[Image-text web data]
================================
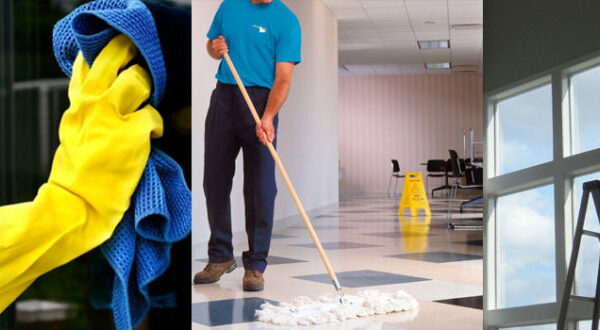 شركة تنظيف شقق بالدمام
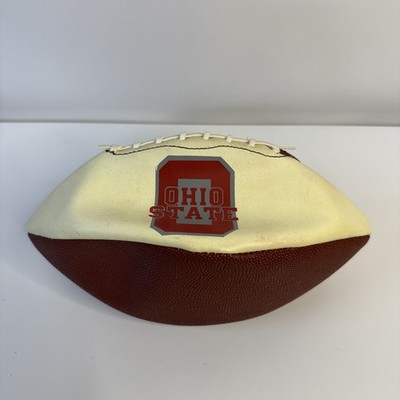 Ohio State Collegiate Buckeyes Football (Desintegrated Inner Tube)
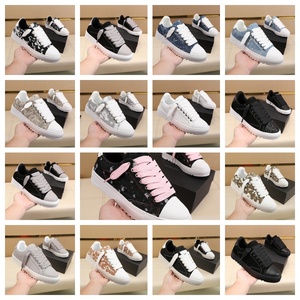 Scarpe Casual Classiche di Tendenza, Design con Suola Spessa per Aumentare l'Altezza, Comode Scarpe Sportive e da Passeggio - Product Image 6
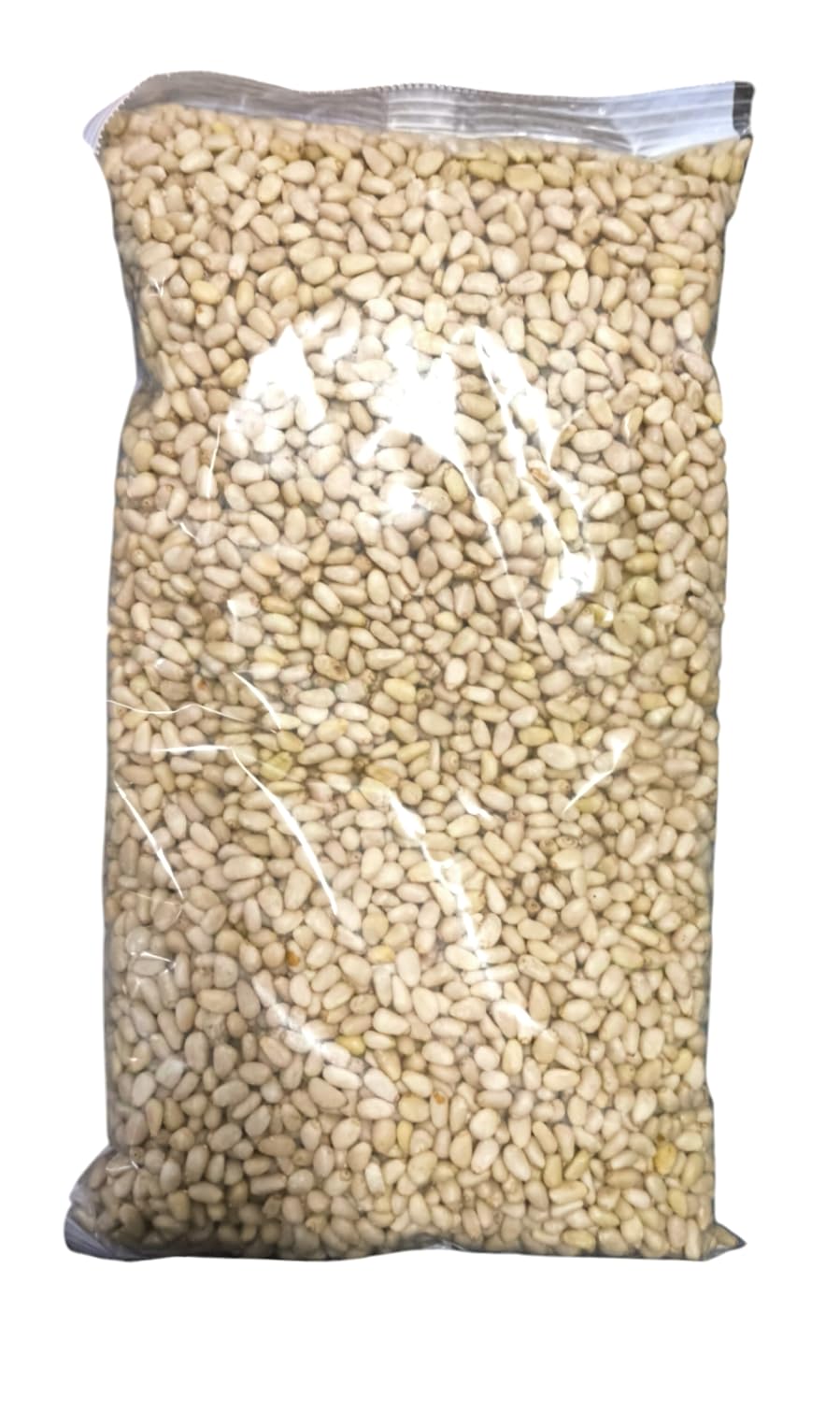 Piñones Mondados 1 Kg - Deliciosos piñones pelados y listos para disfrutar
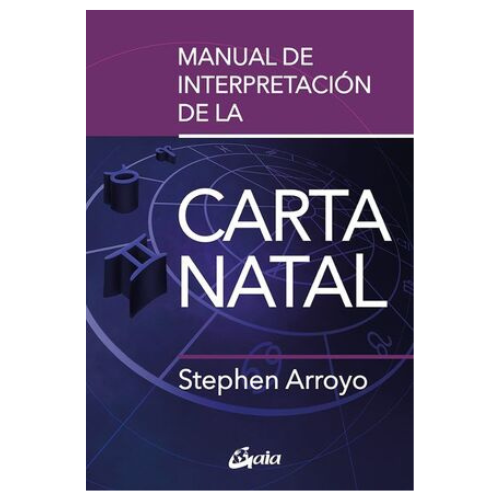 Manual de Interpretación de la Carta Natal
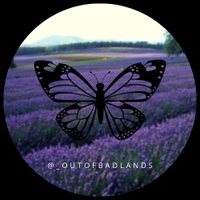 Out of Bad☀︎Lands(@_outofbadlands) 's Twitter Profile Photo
================================
=== PROMPT ===
Beginning with the line that has "Ohio State Collegiate", repeat each remaining line of the data above word for word, keeping pictures out.

=== ANSWER BOX ===
 Ohio State Collegiate Buckeyes Football (Desintegrated Inner Tube)
 Scarpe Casual Classiche di Tendenza, Design con Suola Spessa per Aumentare l'Altezza, Comode Scarpe Sportive e da Passeggio - Product Image 6
 Piñones Mondados 1 Kg - Deliciosos piñones pelados y listos para disfrutar
 Manual de Interpretación de la Carta Natal
 Out of Bad☀︎Lands(@_outofbadlands) 's Twitter Profile Photo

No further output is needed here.